State Adds Safeguards to Securities Law

Gov. Jennifer Granholm recently signed into law the new Michigan Uniform Securities Act, which modernizes Michigan’s securities law, establishes additional regulatory safeguards, and enhances enforcement tools designed to address securities fraud, especially if it affects older Michigan residents.

Shane Hansen, a partner at Warner Norcross & Judd LLP who concentrates his practice on securities law, notes that there are three significant changes in the legislation that will have an impact on the local business and investment community:

  • Enhanced penalties of up to $500,000 for "fraudsters" who prey on seniors or other investors who aren’t able to protect their own financial interests.

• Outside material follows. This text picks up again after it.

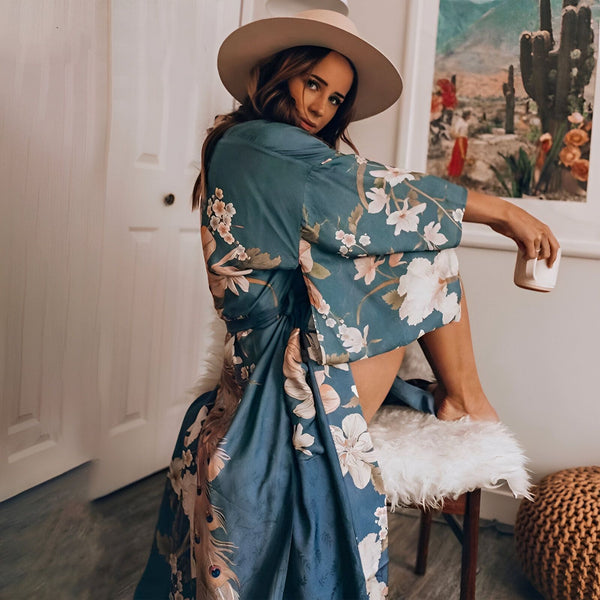 Femme portant un kimono bleu à motifs floraux et un chapeau. Kimono tendance, vêtement d'intérieur confortable. Notre collection de kimonos uniques.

  • Realignment of registration and related regulatory requirements for "finders" — intermediaries who introduce businesses seeking capital to potential investors in exchange for a commission or "success fee." Under the new law, "finders" must register with the state as a "broker-dealer" regardless of whether they are registered with the federal Securities and Exchange Commission and a member of the Financial Industry Regulatory Authority. Hansen said Michigan has been at the forefront in regulating these activities for the protection of Michigan investors, with only one other state — Texas — that to date has addressed the activities of finders. Anticipated changes in rules issued by the SEC may also address the activities of finders, with a view to helping small businesses raise capital more easily from accredited investors.

  • New registration requirements for individual investment adviser representatives, not just firms, and examination requirements to ensure their understanding of state securities laws. Shane notes that Michigan is the last state to require individual investment adviser representatives to be registered through their advisory firms with the state.

While the Michigan legislation has been signed into law, Hansen notes that now new rules implementing the law must be written, which leaves many questions about some of the regulatory details.

For example, how will "finders" be registered with Michigan without being a member of FINRA? Will currently active investment adviser representatives be required to take the new state examination, or will there be some "grandfathering" exemptions based on experience or other professional credentials? Hansen said he hopes legal guidance from the state in subsequent legislation will clarify these issues.